Obama, in his address to the National Prayer Breakfast, said, "First, we should start with some basic humility. I believe that the starting point of faith is some doubt – not being so full of yourself and so confident that you are right and that God speaks only to us, and doesn't speak to others, that God only cares about us and doesn't care about others, that somehow we alone are in possession of the truth."

"Our job is not to ask that God respond to our notion of truth -- our job is to be true to Him, His word, and His commandments. And we should assume humbly that we're confused and don't always know what we're doing and we're staggering and stumbling towards Him, and have some humility in that process," he said.

Obama asked people to speak up against those who would misuse God's name to justify oppression, or violence, or hatred with a fierce certainty.

No God condones terror. No grievance justifies the taking of innocent lives, or the oppression of those who are weaker or fewer in number, he asserted.

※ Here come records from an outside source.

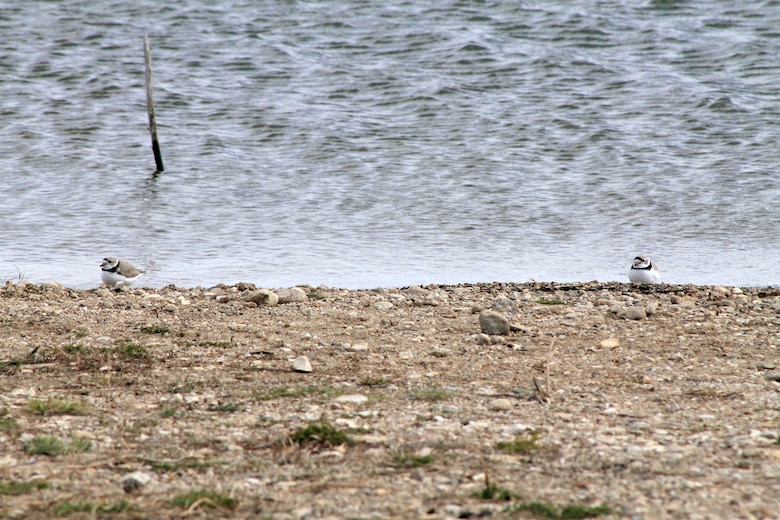 Two Piping Plovers inspect the shoreline of Lake Sakakawea, May 12, looking for a possible nesting ground. Plovers in the Great Plains make their nests on open, sparsely vegetated sand or gravel beaches adjacent to alkali wetlands and reservoirs, on sand bars, and dredged material islands of major river systems.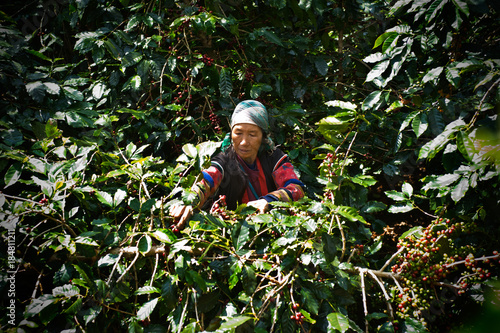 Akha Coffee Harvest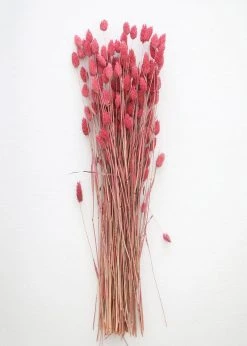 Afloral.com Dried Phalaris Grass In Berry - 20-28"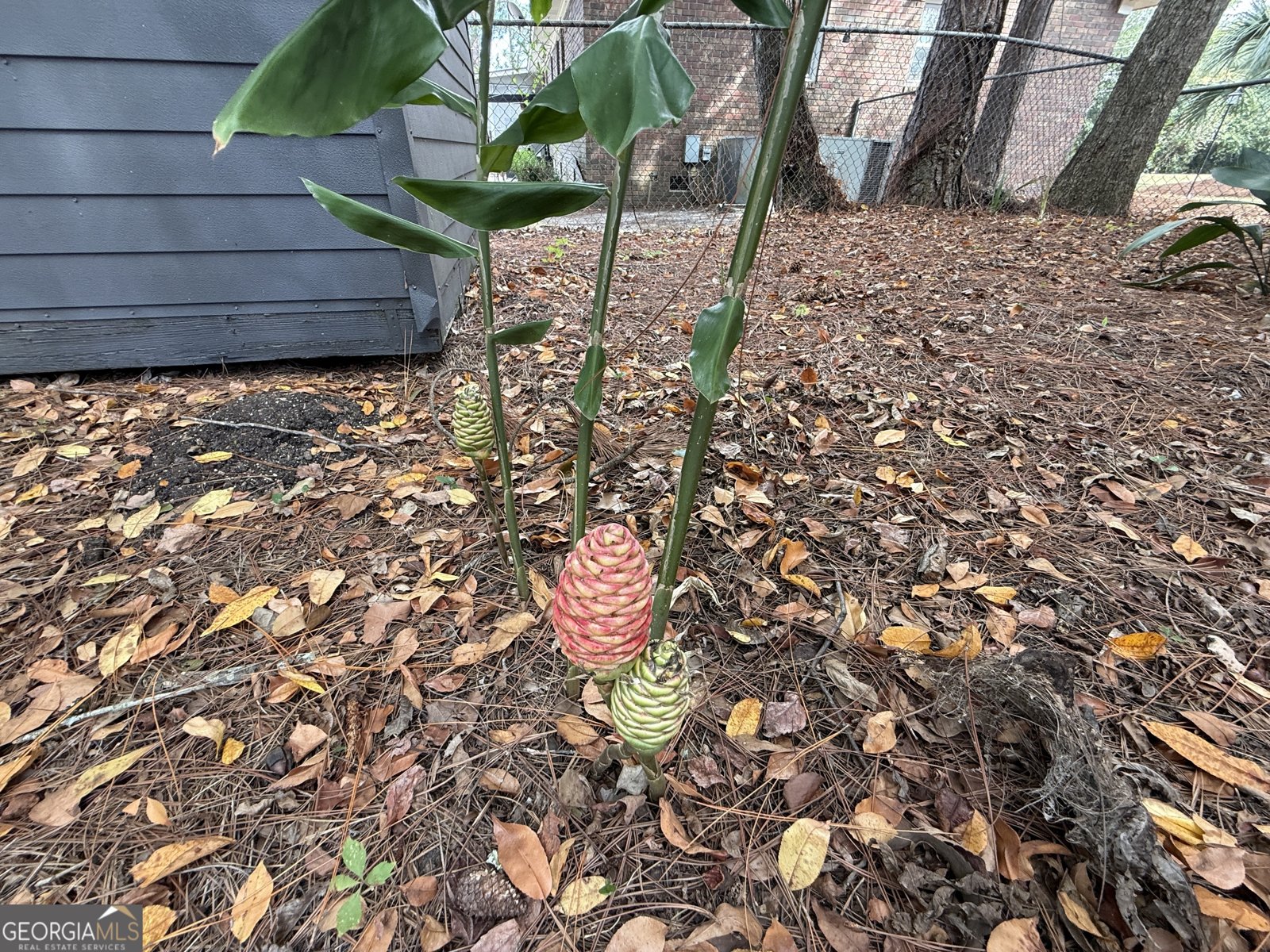 1509 20th Avenue Cordele - 55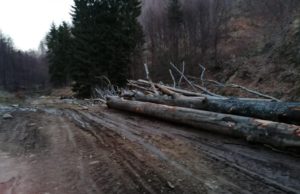 Jaf in padurile Gorjului: „Este măcel. Pur si simplu rad tot”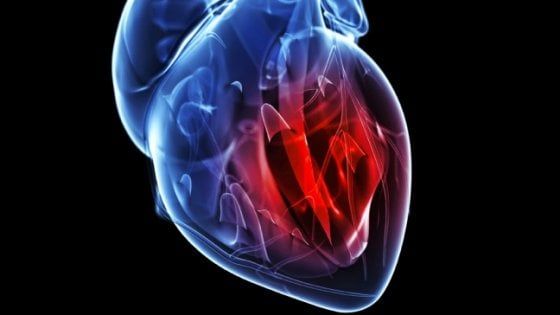 Cure anticancro, salute del cuore a rischio per un paziente su tre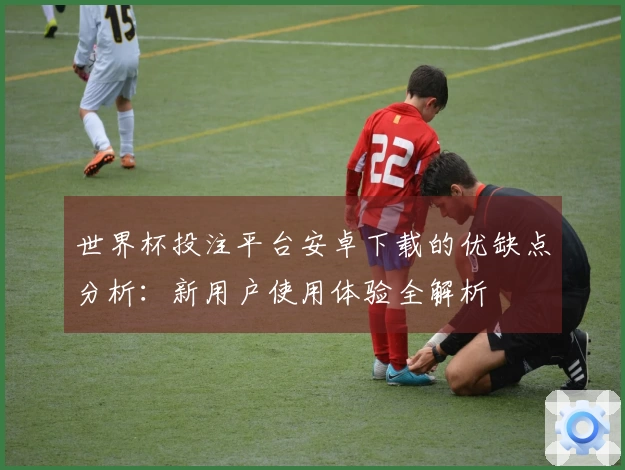 世界杯投注平台安卓下载的优缺点分析：新用户使用体验全解析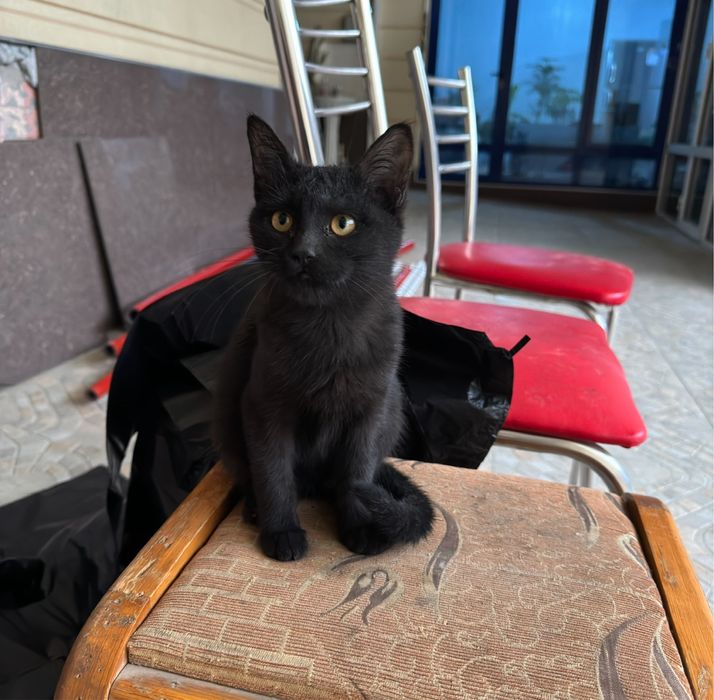 Домашный котенок 5 месяц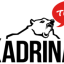 KADRINA KARUD logo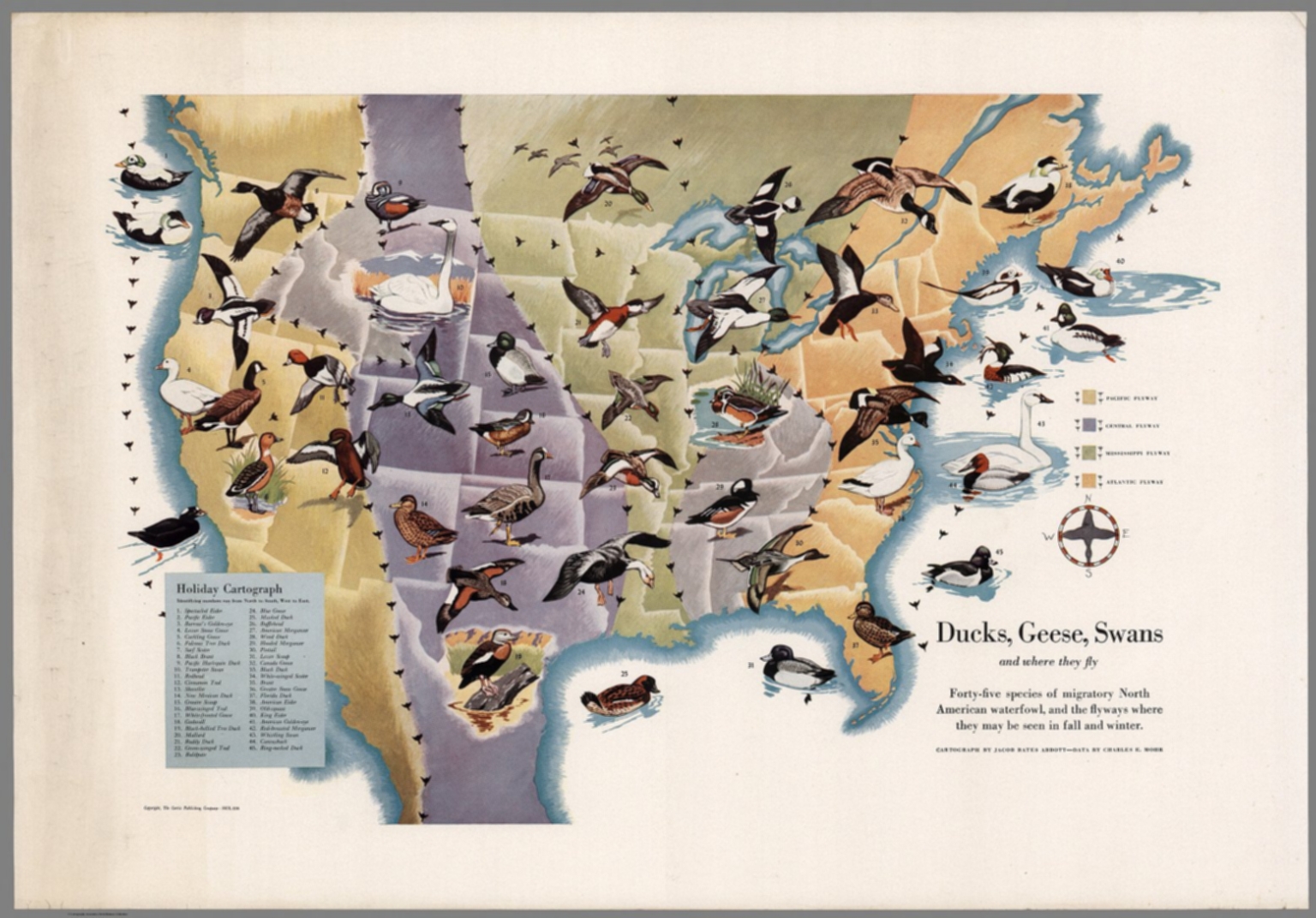 Ducks Geese Swans And Where They Fly Forty Five Species Of Migratory North American David Rumsey Historical Map Collection
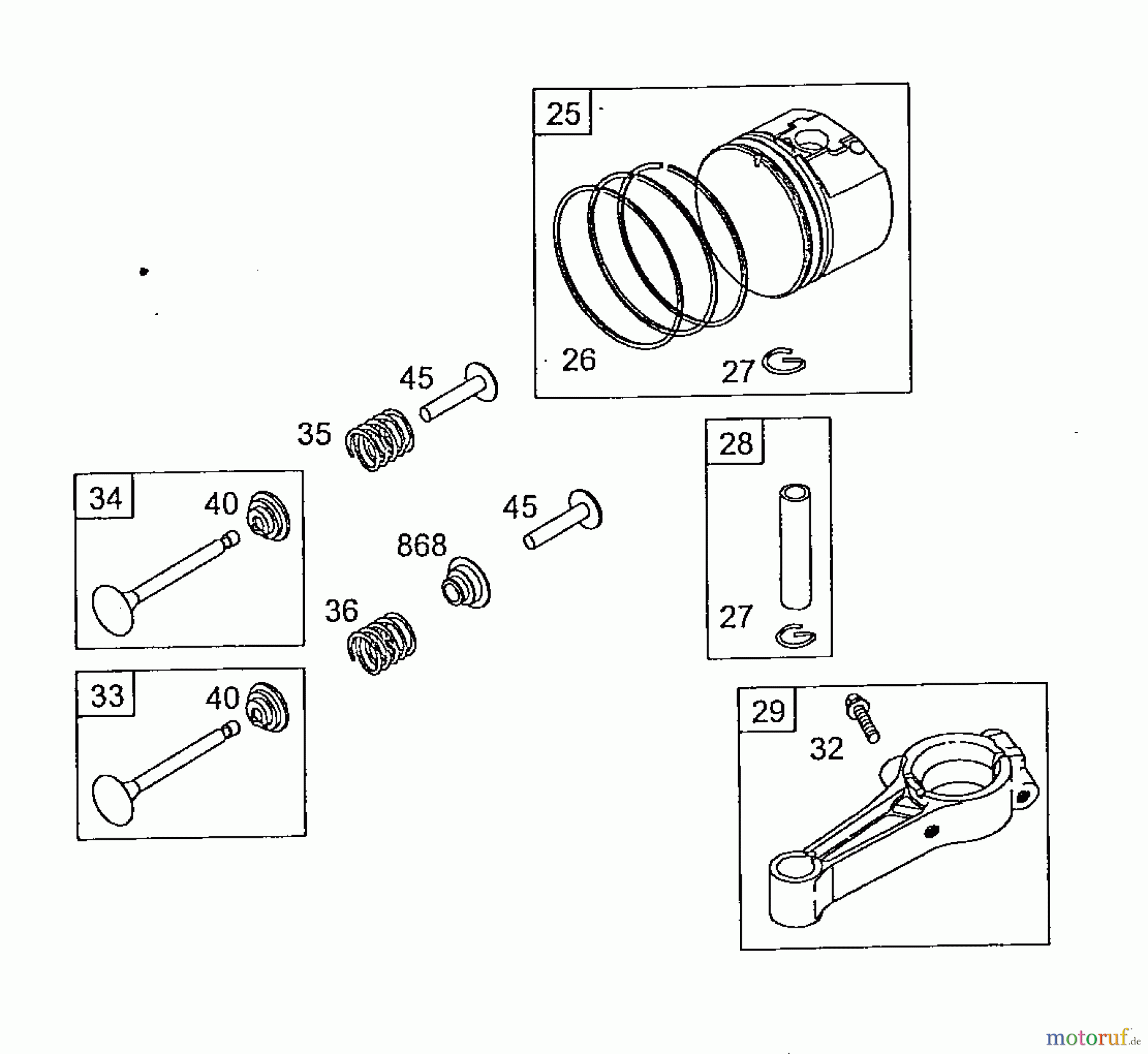  Wolf-Garten Petrol engines Briggs&Stratton Sprint 40500 2056035  (2008) Piston, Connecting rod, Valves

Obama stressed that another thing one needs to uphold is the distinction between the faith and governments.

"Between church and between state. The United States is one of the most religious countries in the world -- far more religious than most Western developed countries. And one of the reasons is that our founders wisely embraced the separation of the church and state. Our government does not sponsor a religion, nor does it pressure anyone to practice a particular faith, or any faith at all," Obama said.

"The result is a culture where people of all backgrounds and beliefs can freely and proudly worship, without fear, or coercion -- so that when you listen to Darrell talk about his faith journey you know it's real. You know he's not saying it because it helps him advance, or because somebody told him to. It's from the heart," he said.